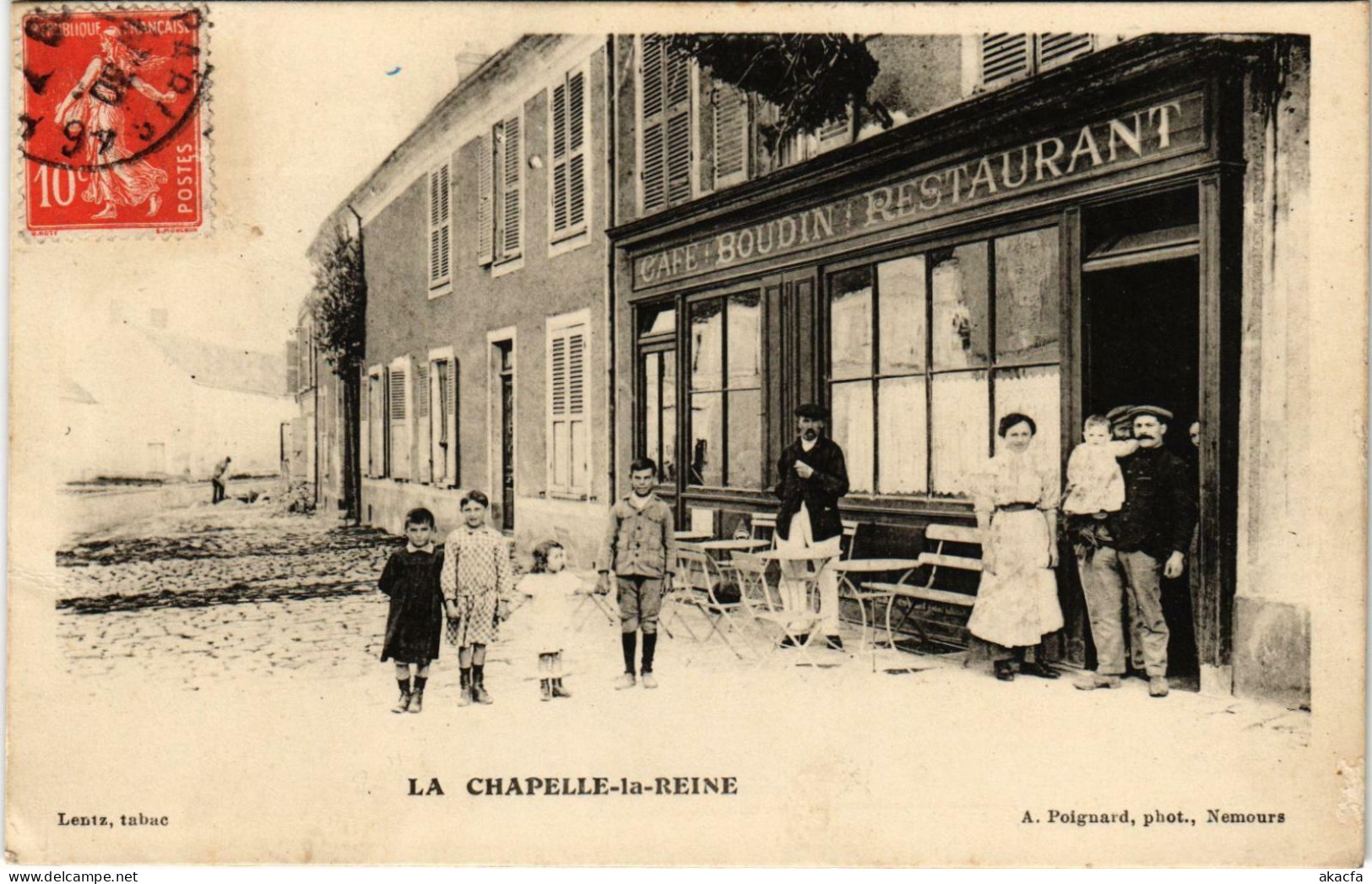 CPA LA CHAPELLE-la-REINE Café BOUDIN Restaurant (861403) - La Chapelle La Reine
==
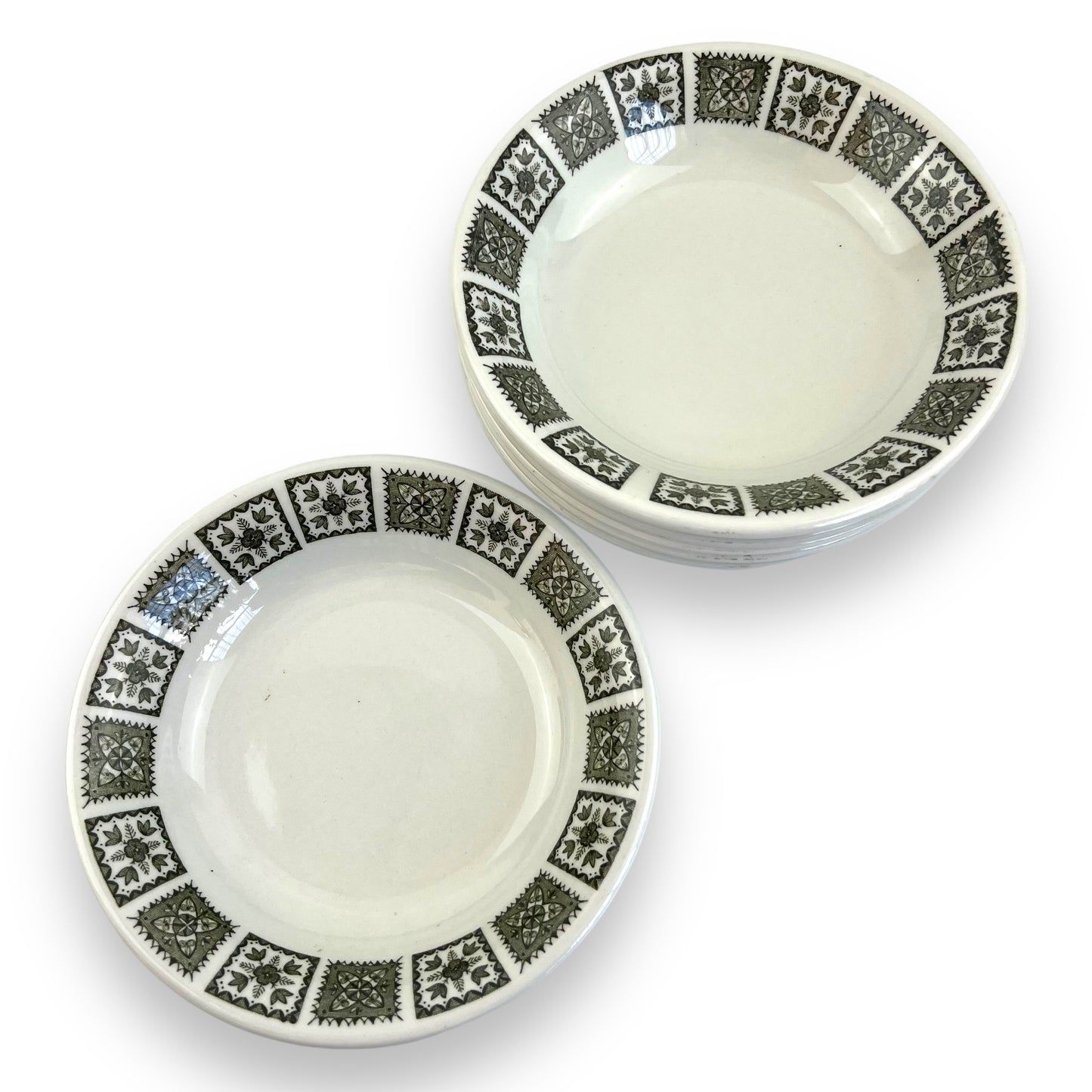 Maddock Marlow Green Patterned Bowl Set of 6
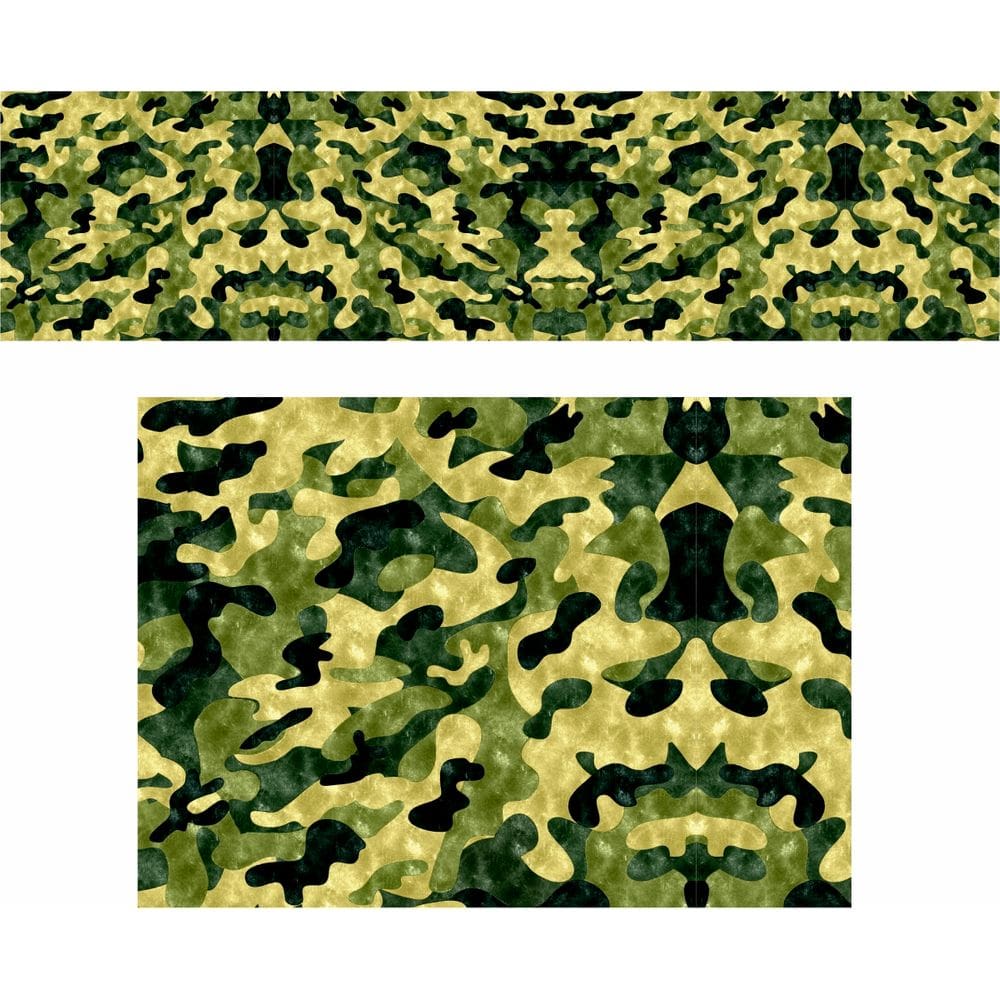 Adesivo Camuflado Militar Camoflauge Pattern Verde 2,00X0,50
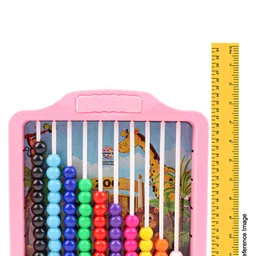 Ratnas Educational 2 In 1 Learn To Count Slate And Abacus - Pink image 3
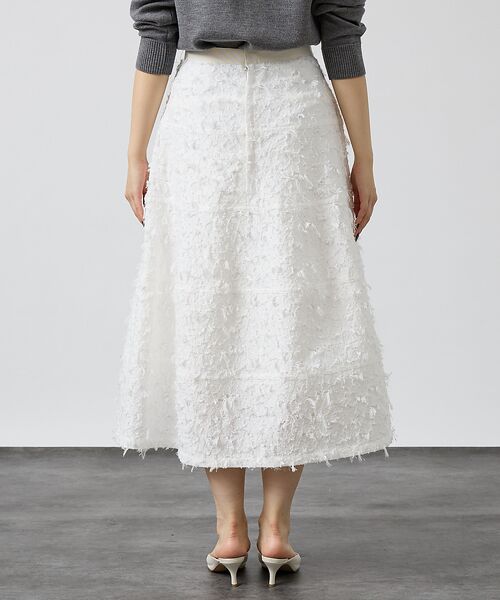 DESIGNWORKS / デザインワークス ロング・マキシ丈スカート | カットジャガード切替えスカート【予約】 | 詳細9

▶ Work to complete: Set down word for word the lines above from the one with "Ratnas Educational 2" up to and including the one with "DESIGNWORKS / デザインワークス". Omit every picture.

▶ Solution to this exercise:
 Ratnas Educational 2 In 1 Learn To Count Slate And Abacus - Pink image 3
 DESIGNWORKS / デザインワークス ロング・マキシ丈スカート | カットジャガード切替えスカート【予約】 | 詳細9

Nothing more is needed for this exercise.